The Australian dollar falls after the report and was trading at 73.87 US cents in Sydney. Australian three-year yields falls 7 basis points to 0.90%, set for their biggest weekly drop in a decade, as traders pared bets for the pace of RBA rate hikes.
The central bank’s rate assessment is a further push back against market pricing for a tightening cycle to begin next year. The RBA did concede that there was a plausible scenario in which wages and consumer prices grew faster than expected and a 2023 rate hike was needed, but it dismissed the prospect of an increase in the next 12 months.
“The RBA has upgraded its economic forecasts but they are still cautious on the inflation and wage outlook,” said Belinda Allen, a senior economist at Commonwealth Bank of Australia, which expects the first hike to come in November next year.
Swaps traders see the first increase to the cash rate — currently a record-low 0.1% — coming by June or July of 2022. Markets now see the cash rate at 0.75% within a year, after projecting it at 1.2% in trades at the end of last week.

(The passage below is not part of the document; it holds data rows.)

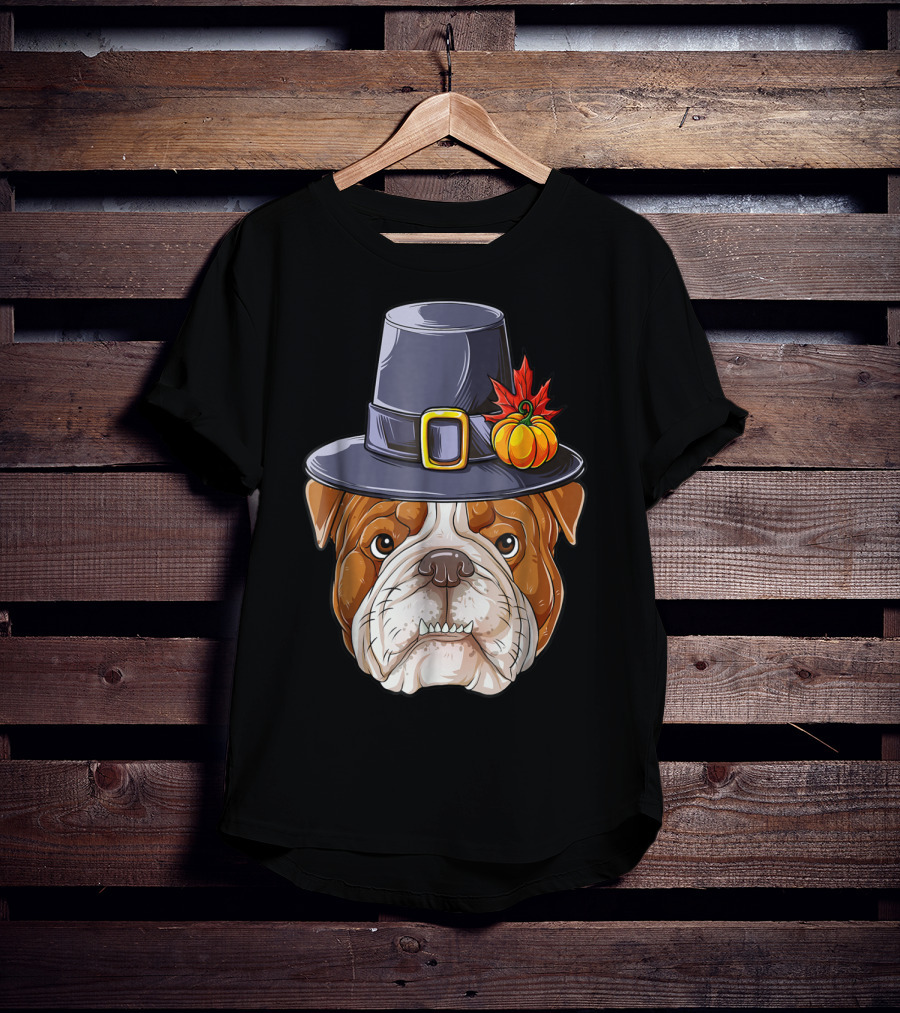 Thanksgiving Kids English Bulldog Pilgrim Hat Pumpkin Maple Leaf T-Shirt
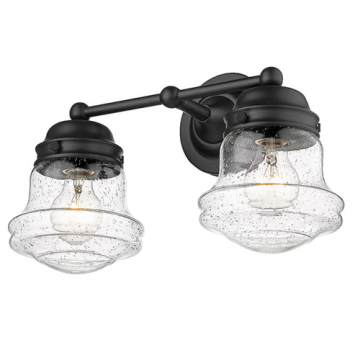 Z-Lite Vaughn 2-Light Vanity - 120V - Matte Black / Clear Seedy
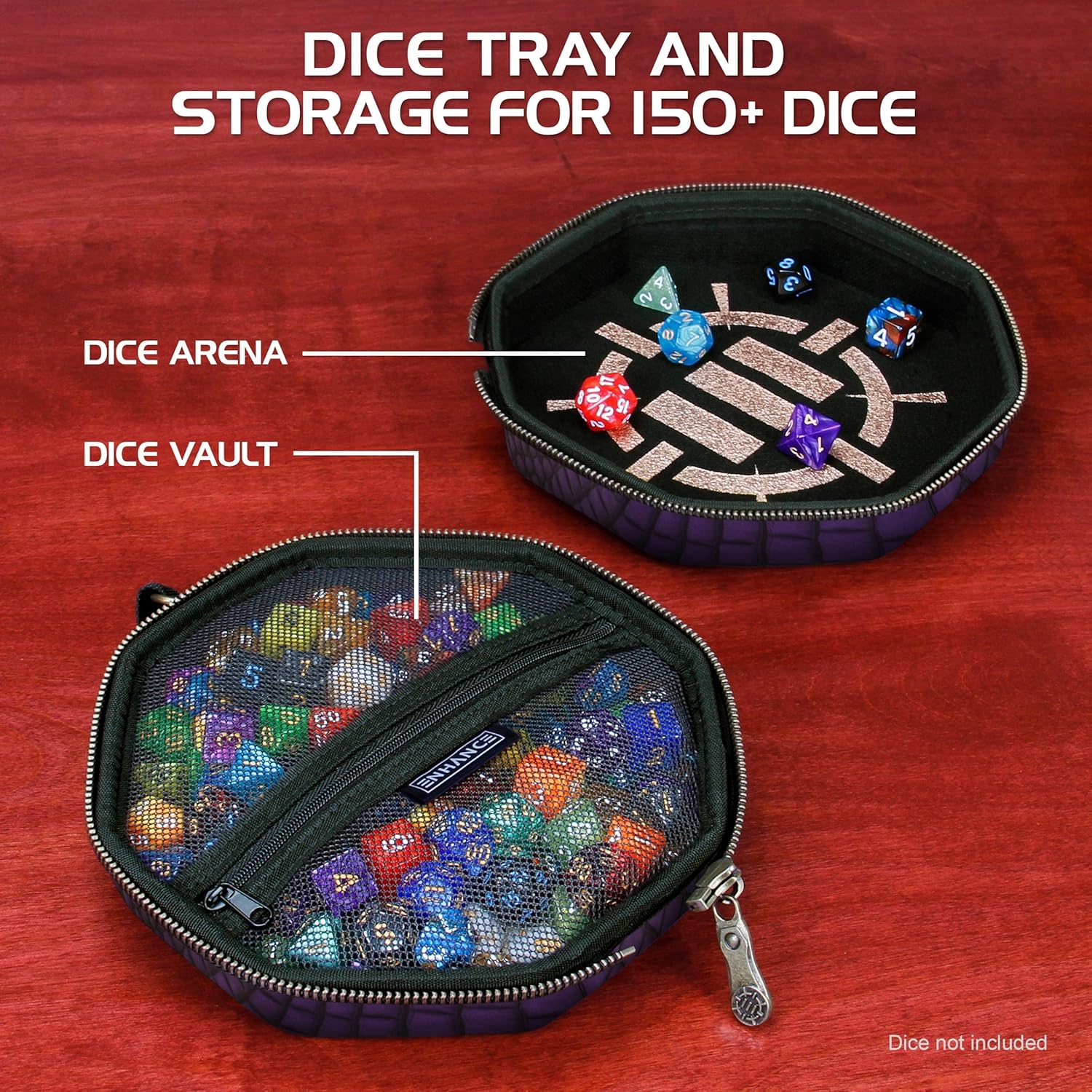 ENHANCE DnD Dice Tray and Case - Collector's Edition DnD Dice Holder up to 150 D&D Shakers with Hard Shell Exterior and Protective Soft Interior - Rolling Tray Perfect for Game Night (Dragon Purple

In its central scenario, the RBA sees wages accelerating to 2.25% at the end of this year, reaching 2.5% in 2022 and 3% in late 2023 — which would be the fastest pace since 2013, the statement on monetary policy said. Inflation was seen at 2.25% through to mid-2023 before edging up to 2.5% in December of that year. The RBA’s upside scenario shows unemployment tumbling to 3.25%, sparking a strong recovery in wages and spurring inflation above 3% by end-2023.